Never again will my people be disgraced.
Joel 2:25-26
The unlikely friendship of grief says you and I are still here, still breathing, purposefully planted in this moment to keep living and keep marking the pages until the ink runs dry. It says we are here, circling descriptors that tell the world who we are and who we want to be. It says we are beautiful, it says love is still worth it. It tells us to take good courage, and to bless beyond all blessing. It reminds us that there is redemption to be found in pain. Always.
Yes, we are still here with our stories being written. And we are made for more than the dirt under our feet.
So beautifully written, my friend. The unlikely friendship of grief, and how grief is not something to get over, get past, or simply get through. It really does wash over us in the tenderest of moments. Grief has helped me cling to Jesus so much more than joy has, and for that I am eternally grateful.
Yesterday, my 10-year old grandson talked about feeling nostalgic at Christmas. I asked him if he could describe the feeling (given that I likely didn’t even know what the word meant until I was an adult). “It’s deep inside,” he said. “I can’t describe where it is exactly, but it’s a happy-sadness that grows.” We talked about the friendship of grief living in that feeling—how it whispers stories and links us to people and places as it gives space for the moments to continue to part of who we are. I smiled. There it was…washing over again.
Your words touched me. My Mom went home with Jesus 22 years ago and although I don’t experience the grief as strongly as I did back then, there are times, moments, that it washes over me like water in a shower. It is in those moments that I see her and I see God and how they both carry me through that pain that I feel with such an intensity it takes my breath away and during that moment I want to feel it and I want it to go away. But it doesn’t go away completely and I have learned to embrace it and while I do, there is Jesus to carry me. Grief…it isn’t just something you expect and yet it is part of who I am.
Grief changes the composition of the air around us, doesn’t it? We choke as we learn to breathe again…again and again.
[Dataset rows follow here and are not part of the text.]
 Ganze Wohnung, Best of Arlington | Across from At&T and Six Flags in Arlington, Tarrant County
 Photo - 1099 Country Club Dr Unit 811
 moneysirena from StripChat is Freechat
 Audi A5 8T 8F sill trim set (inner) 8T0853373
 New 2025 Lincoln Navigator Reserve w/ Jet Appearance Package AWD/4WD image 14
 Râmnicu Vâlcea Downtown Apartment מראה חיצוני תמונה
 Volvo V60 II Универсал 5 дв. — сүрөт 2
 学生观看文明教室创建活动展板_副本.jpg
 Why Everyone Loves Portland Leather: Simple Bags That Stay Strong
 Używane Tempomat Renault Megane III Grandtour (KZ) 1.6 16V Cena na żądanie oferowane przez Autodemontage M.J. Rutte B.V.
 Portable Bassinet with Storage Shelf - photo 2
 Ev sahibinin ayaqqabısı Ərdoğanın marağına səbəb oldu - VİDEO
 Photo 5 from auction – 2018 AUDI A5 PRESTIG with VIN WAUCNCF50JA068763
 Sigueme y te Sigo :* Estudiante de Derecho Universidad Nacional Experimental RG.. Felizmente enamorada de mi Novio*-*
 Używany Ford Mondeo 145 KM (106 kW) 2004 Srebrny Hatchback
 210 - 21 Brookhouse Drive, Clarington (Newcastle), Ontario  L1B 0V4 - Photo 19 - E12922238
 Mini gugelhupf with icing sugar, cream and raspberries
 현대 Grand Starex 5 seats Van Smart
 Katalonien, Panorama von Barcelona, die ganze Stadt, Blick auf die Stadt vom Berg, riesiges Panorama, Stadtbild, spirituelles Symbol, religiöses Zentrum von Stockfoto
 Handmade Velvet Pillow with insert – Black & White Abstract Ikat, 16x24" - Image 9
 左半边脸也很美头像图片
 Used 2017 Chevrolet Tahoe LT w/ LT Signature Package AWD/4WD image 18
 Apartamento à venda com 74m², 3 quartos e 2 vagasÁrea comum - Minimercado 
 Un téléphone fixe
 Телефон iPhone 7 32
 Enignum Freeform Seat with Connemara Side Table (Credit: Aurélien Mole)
Thank you for expressing this.
Thank you for being here!
Thank you for the reminder we are made for more than the dirt under our feet.
How precious is it…
What a beautiful and balanced picture of how grief shapes and grows us. I relate to what God has done in my life after losing my husband. I never could have imagined all the beauty and blessing that has come as a result of that experience. This year I celebrated the day God took him home 24 years ago (just as I have each year) by taking special cookies he used to make to four different families who have experience some form of grief this past year (as we are taught in 2 Corinthians 1:3-4). Thank you
Oh my gosh, Nancy. I’m wiping away tears as I read this. Thank you!
Thank you Rone for this piece.This morning I wrote about the different sweaters of grief I feel like I am wearing.This writing was a source of beautiful encouragement and hope for me as God continues to show me his love and perspective on grief.May He continue to bless us with his clearing and loving view on the friendship of grief .
Oh my…the thought of grief being a wardrobe. Yes to this!
Your beautiful words brought me to tears as I remembered my mom too. Thank you so much for reminding me that grief is my friend.
She is a most awkward friend, but what a tender legacy she leaves.
Ronne, this is so beautifully written. i lost my Mom two years ago yet I know as you do her love for me and her love for God is what has shaped my own love for him and buoys me through the grief. Thank you for expressing what I don’t know how to say.
I love that we continue to be shaped.